The European Space Agencies (ESA) European Space Module (ESM) is set to be rocketed into space on Monday as part of the Artemis project, NASA’s return to the moon.
A key part of the Orion Spacecraft, the airbus built European Space Module provides the “heart and lungs” for astronaut missions to the Lunar surface and will power the spacecraft to and from its Lunar orbit by providing propulsion, power and thermal regulation.
It will also supply astronauts with water and oxygen on future missions.
Artemis One, which is due to launch on Monday 29th August, will be unmanned and will act as a “certification” for the crew module testing its re-entry and landing systems as part of the programme.
Artemis Two will be the first manned flight and is set for 2024.
Jean-Marc Nasr, head of Space Systems at Airbus. said: “The launch of NASA’s Orion spacecraft with the European Service Module has historic significance 50 years after the last astronaut lunar mission and is another major step toward returning astronauts to the Moon.
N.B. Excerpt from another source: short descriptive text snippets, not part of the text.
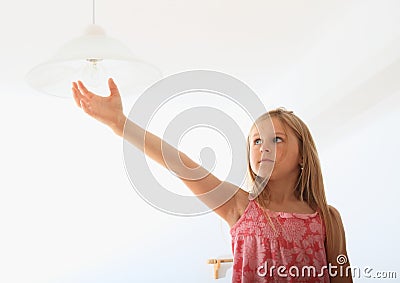 Girl screwing bulb Stock Photo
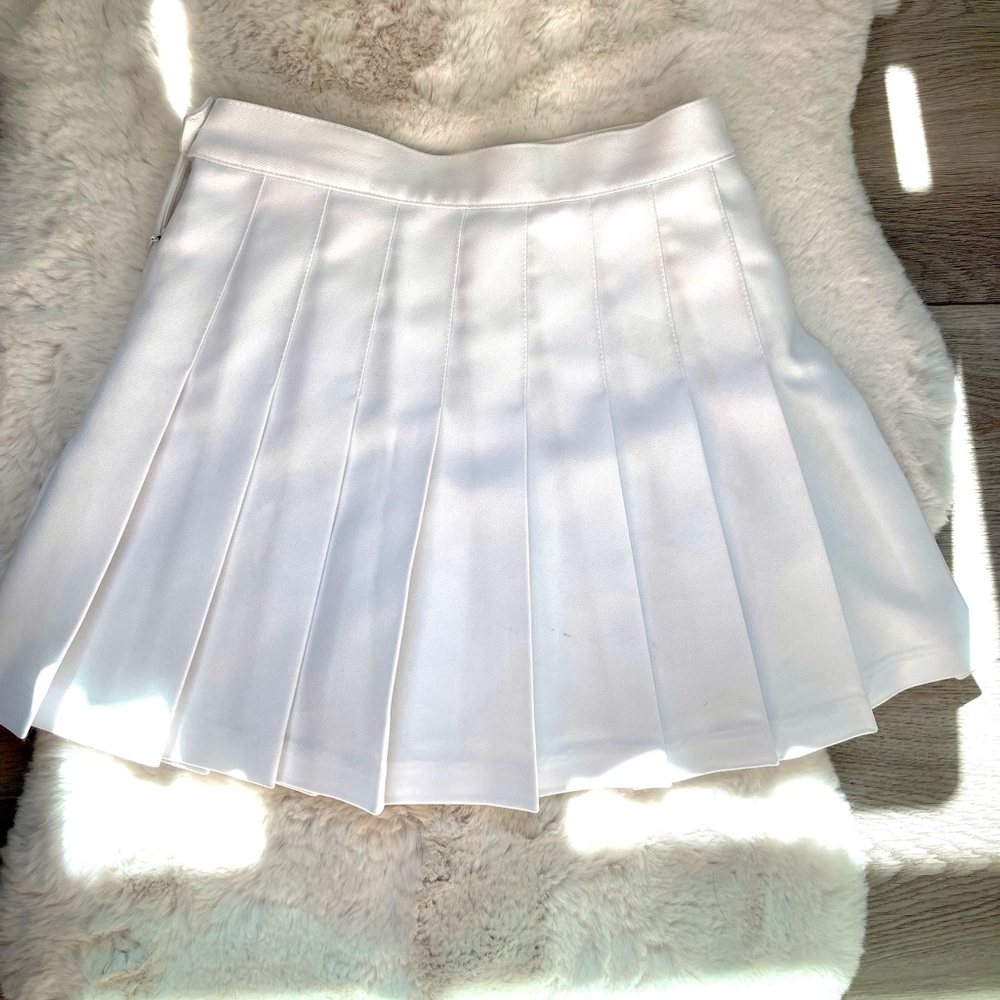 American Apparel white tennis skirt in small with stain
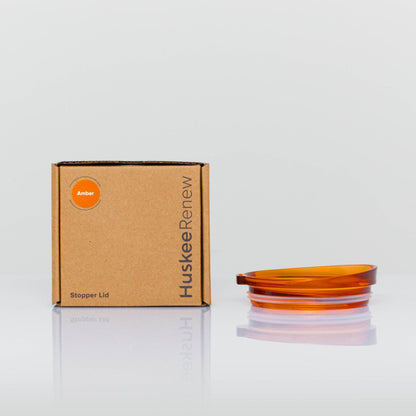 A single individual universal Huskee stopper lid featuring a spill-proof reusable design with integrated silicone seal in amber with box.
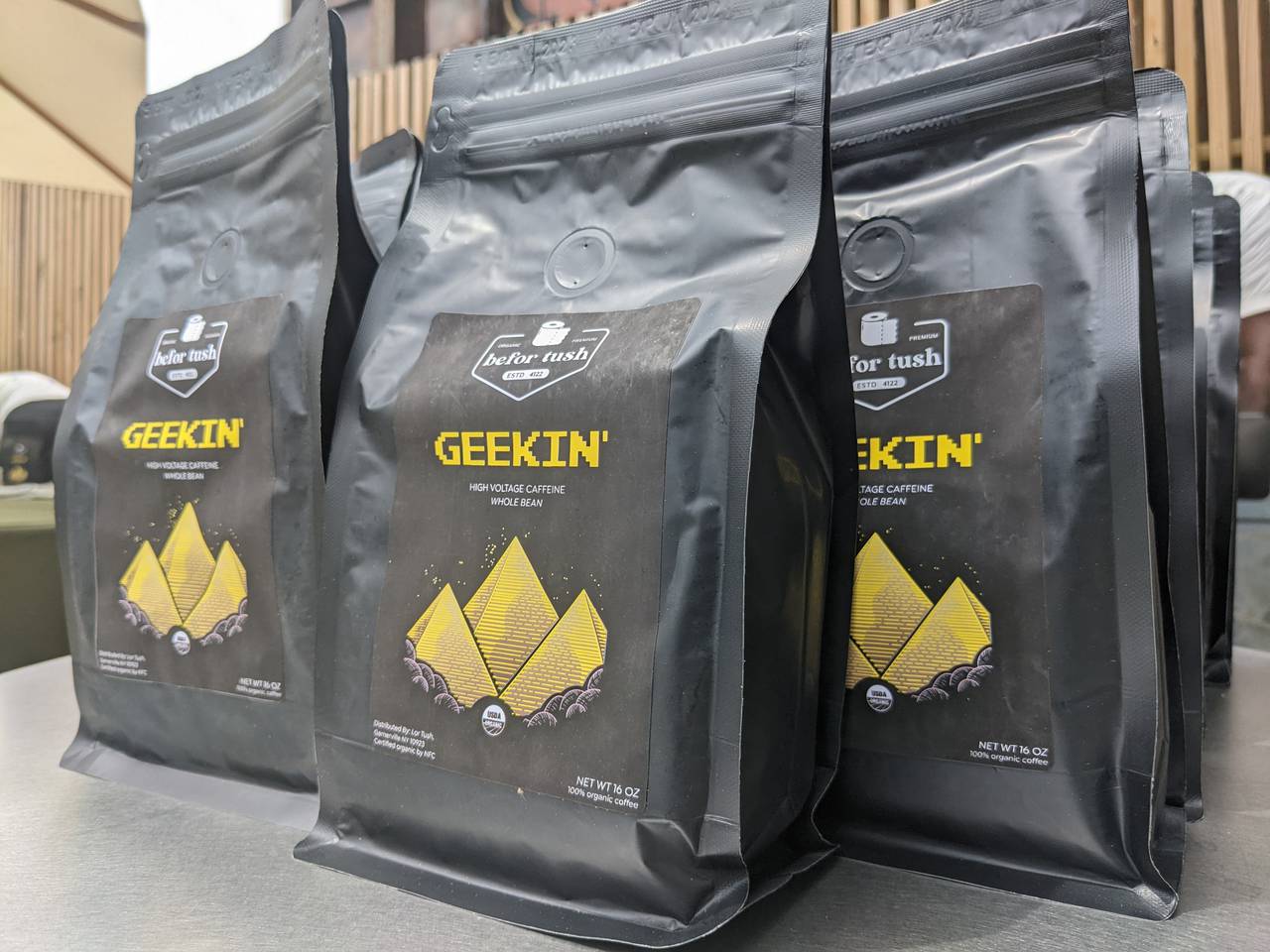 This is a close up picture of Geekin': Befor Tush's first coffee flavor. The packaging is black and gold, with the picture of three pyramids on the front.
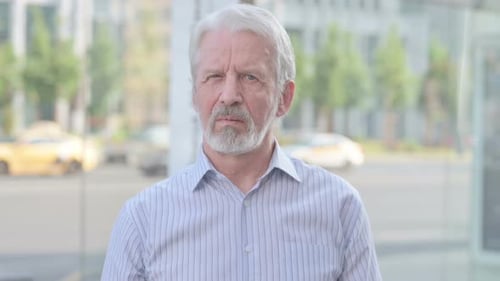 Contemplative Senior Man Looking at Camera in Urban Setting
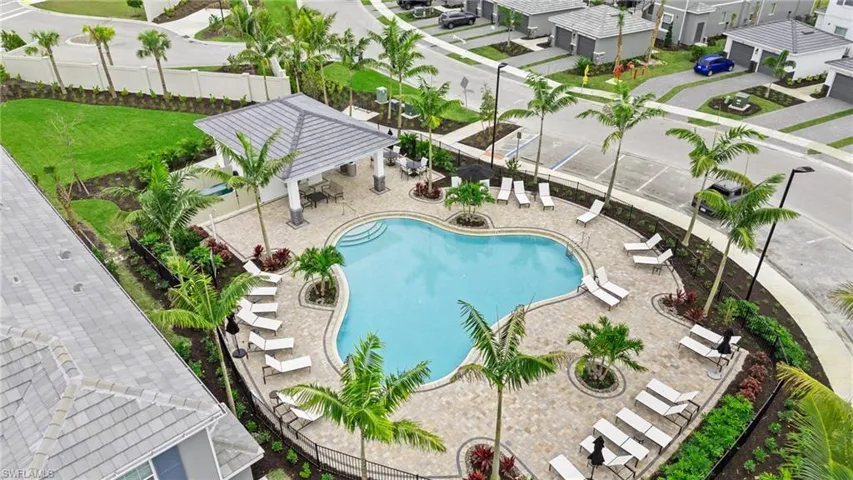 Pool featuring a patio area and fence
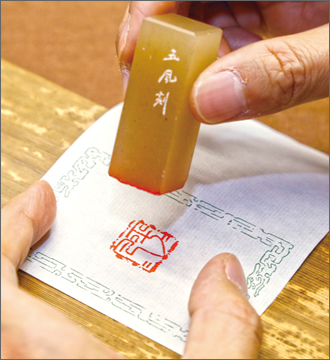 彫り上がった印章に朱肉をつけ、捺印。一つの印章につき、最初の捺印は一度だけ。紙から離したときの鮮やかな朱の印影。この感激を味わえるのは、制作者の特権です。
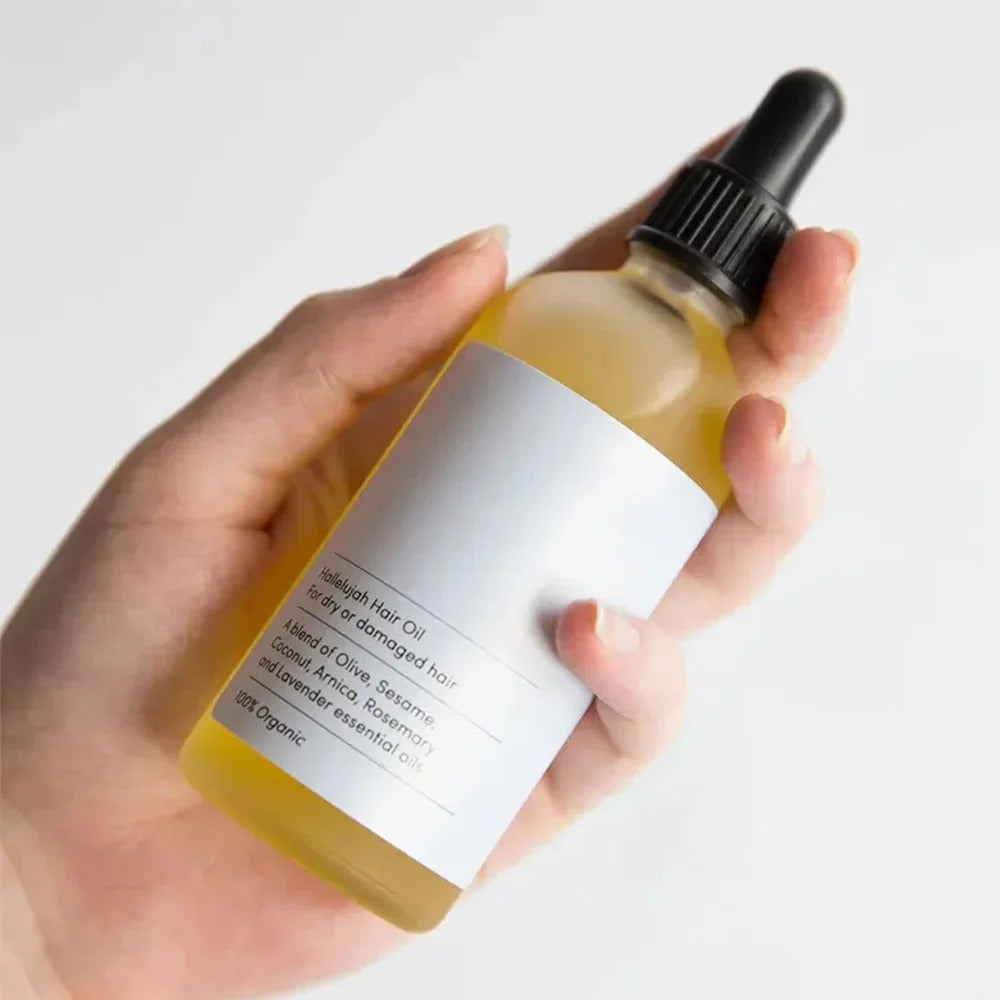 Natural Rosemary Scalp & Hair Growth Oil for thicker, stronger hair. Vegan & cruelty-free hair care.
The programme is now moving forward and we are ready for a return to the lunar surface in 2025 together with our customers ESA and NASA and our industrial partner Lockheed Martin Space,”
The 13-tonne European Space Module is made up of over 20,000 parts from electrical equipment to thrusters, solar arrays, propellant tanks, life support materials and several kilometres of cables and hoses.
It also features a signature 19-meter diameter four-bladed solar array generating enough electricity to power two average houses.